Verdades essas que em um primeiro instante pode apresentar-se veladas, repletas
de marcas mnêmicas. As “verdades” da história do sujeito traz sempre muita dor
e a primeira que se coloca nesse caminho de auto-reconstrução é o sentimento ou
afeto a que se denomina “culpa”, que é da ordem da subjetividade de um
significante, que muitas vezes não é possível localizar no tempo. Há que se
perguntar: culpa de que? Isso implica em um sentimento de angústia, um incômodo
psíquico, que remonta a memórias, nem sempre consciente de ter agido de
determinada forma que prejudicou, lesionou ou teve participação ativa, mesmo
que por omissão no sofrimento do outro. Então temos que pensar que esse afeto
remonta a um passado, que o sujeito não se lembra, pois nem sempre é possível
localizar os fatos na existência. É de algo, que muitas vezes não se sabe de
que, mesmo que existam comportamentos repetitivos que possam sinalizar a origem
desse afeto. Da passagem ao ato perverso pelo prazer, ambição, arrogância,
poder, segue-se o ódio, o ressentimento, a mágoa, o arrependimento e a culpa.
Por isso Freud pensa a perversão como o contraponto da neurose. Nessa
sequência, autoperdão é sempre o mais difícil e demorado, porque requer
humildade e um sentimento amoroso que iria se interpor a resinificar o
sofrimento, que “começou” em um ato perverso. Fala-se muito que “não é possível
voltar atrás e mudar o que houve, mas que é possível construir um futuro
diferente”. Mas um futuro diferente não se constrói com ódio, ressentimento,
remorso e culpa. Então muitas vezes é preciso “voltar” e “consertar”
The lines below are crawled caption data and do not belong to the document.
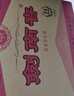 劍南春【官方直供】 52度 500mL 6瓶 水晶劍 整箱裝 濃香型白酒 曬單實(shí)拍圖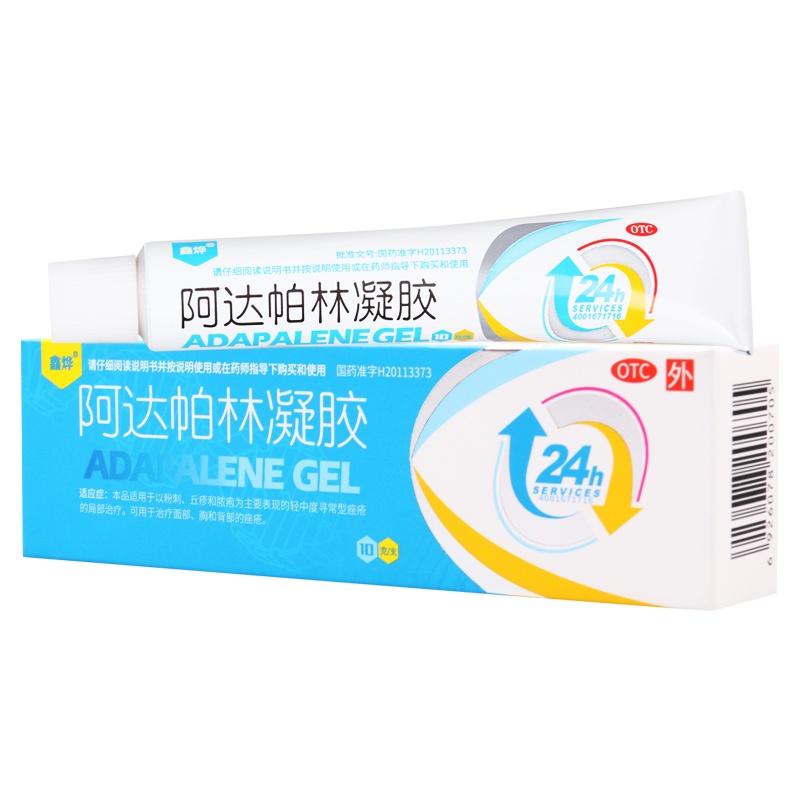 鑫烨阿达帕林凝胶0.1%*10g*1支/盒用于寻常型痤疮背部的痤疮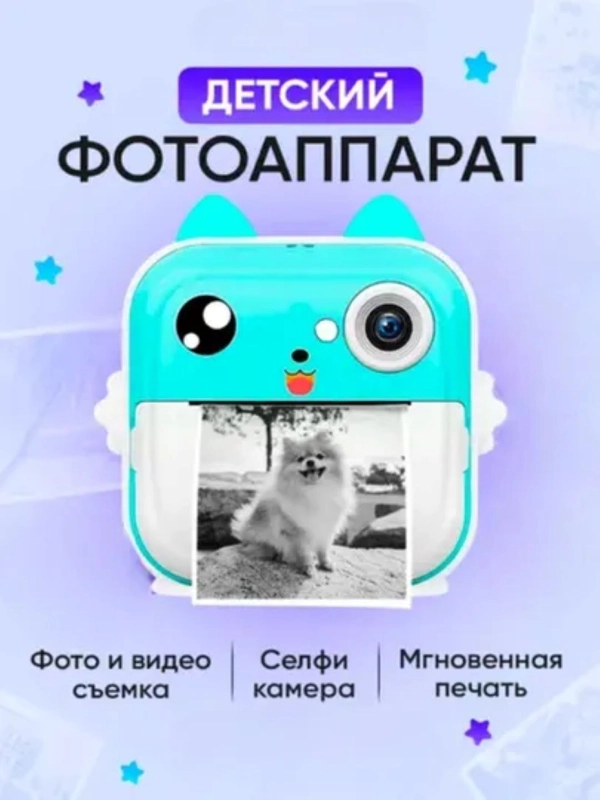 Детский фотоаппарат моментальной печати купить по цене 2599 ₽ в ...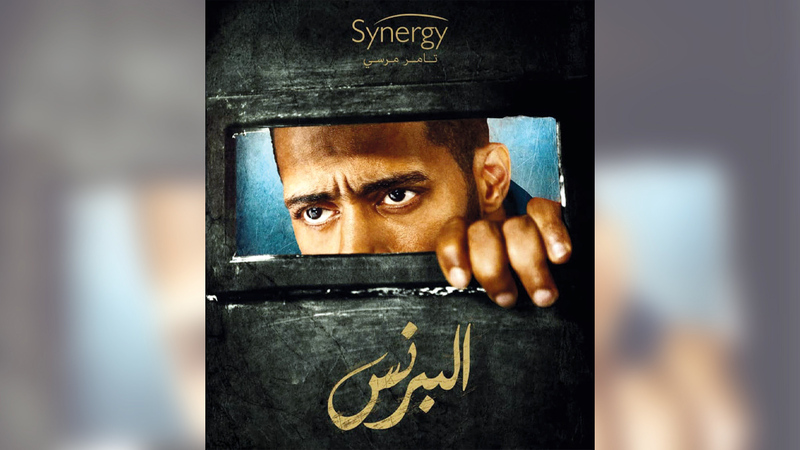 نقابة السينمائيين طلبت حضور محمد سامي للتحقيق في قضية مسلسل «البرنس» لكنه رفض الحضور. أرشيفية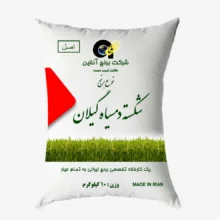 برنج شکسته دمسیاه گیلان برنج آنلاین – 10 کیلوگرم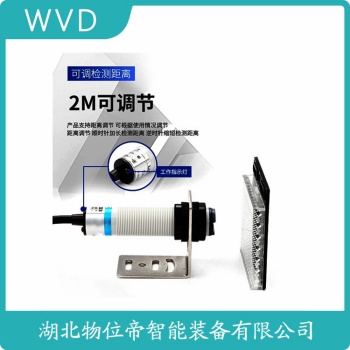 UB1815AE658V 接近开关 应用领域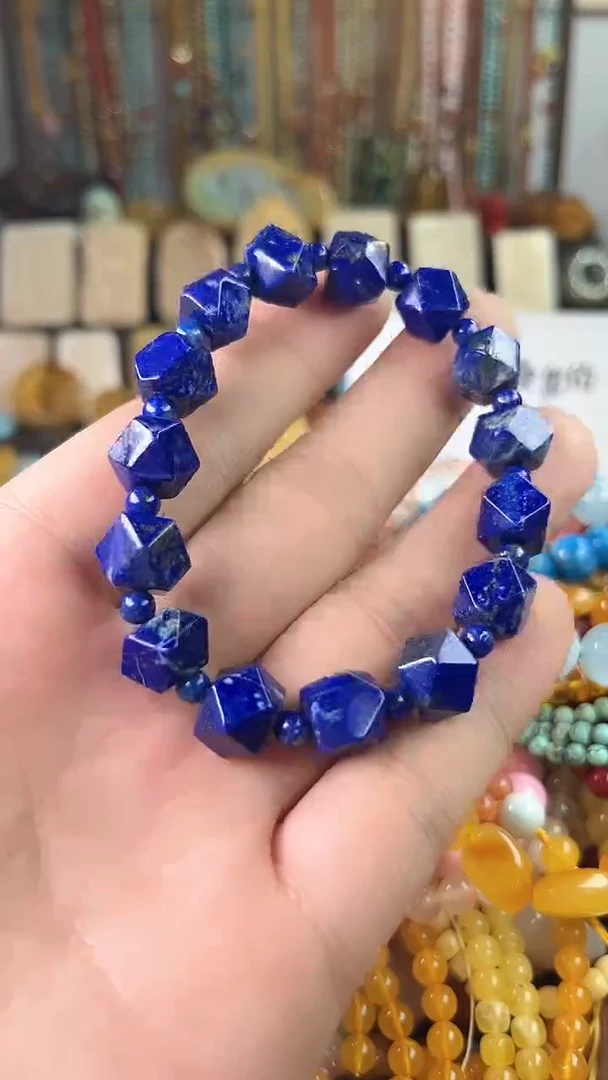 【闪购商品】青金石.未镶嵌（一物一件）7663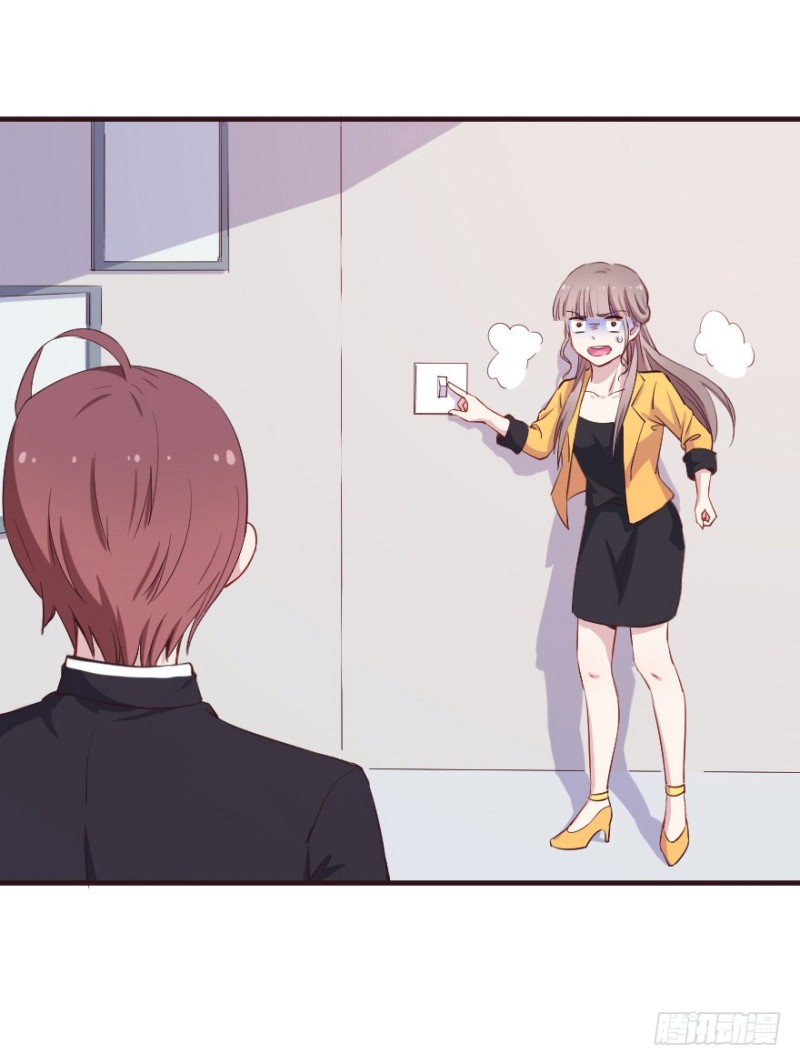 098布局（三）-第73话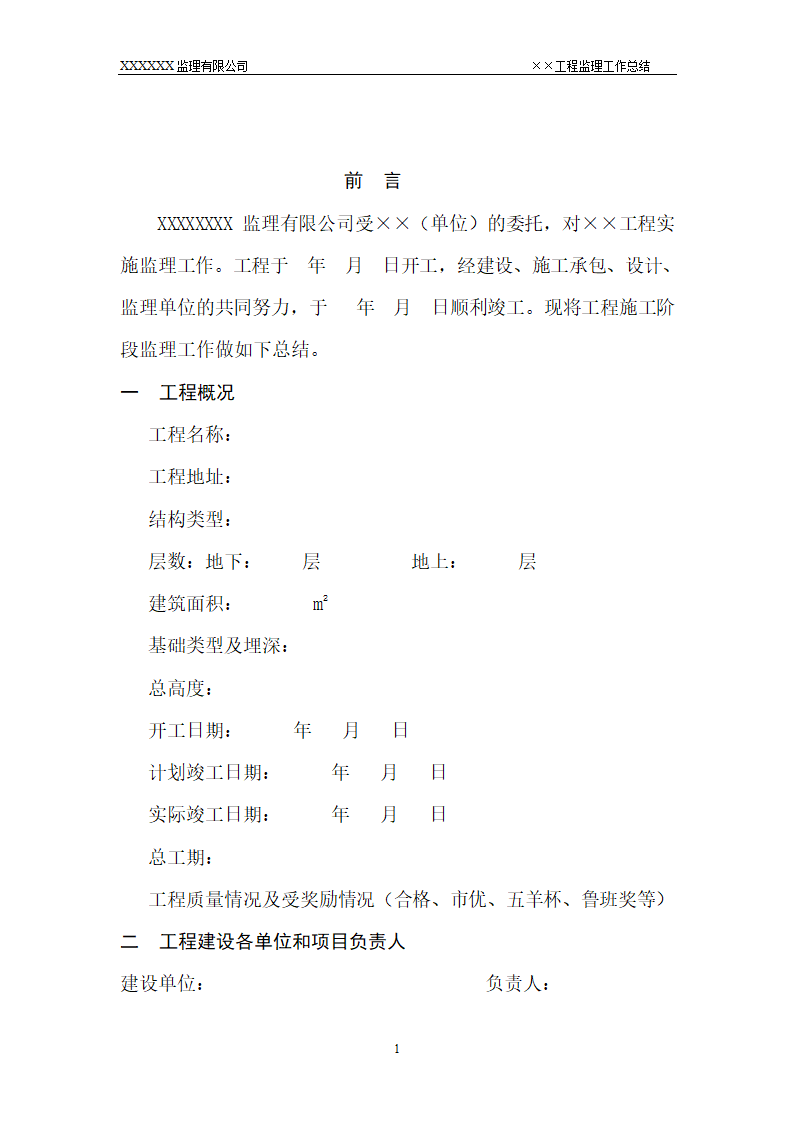 某工程监理工作总结.doc第2页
através de uma mudança que já esteja em andamento aquilo no qual o sujeito
esteve implicado. É sua reforma moral, que começa com o sentimento de culpa,
passa pela humildade e reconhecimento do Ser falível, faltante, imperfeito, que
muito prejuízo psíquico pode ter causado, mas que sempre é tempo de começar um
novo caminho. Enquanto estamos a caminho o perdão é a única porta possível de
passagem a um outro ato, que não o perverso, mas ao amoroso.
Referência
FREUD, S. CARTA 66 - 7 de julho de 1897. Obras Completas de Psicanálise
- volume I. Rio de Janeiro, Imago-1996.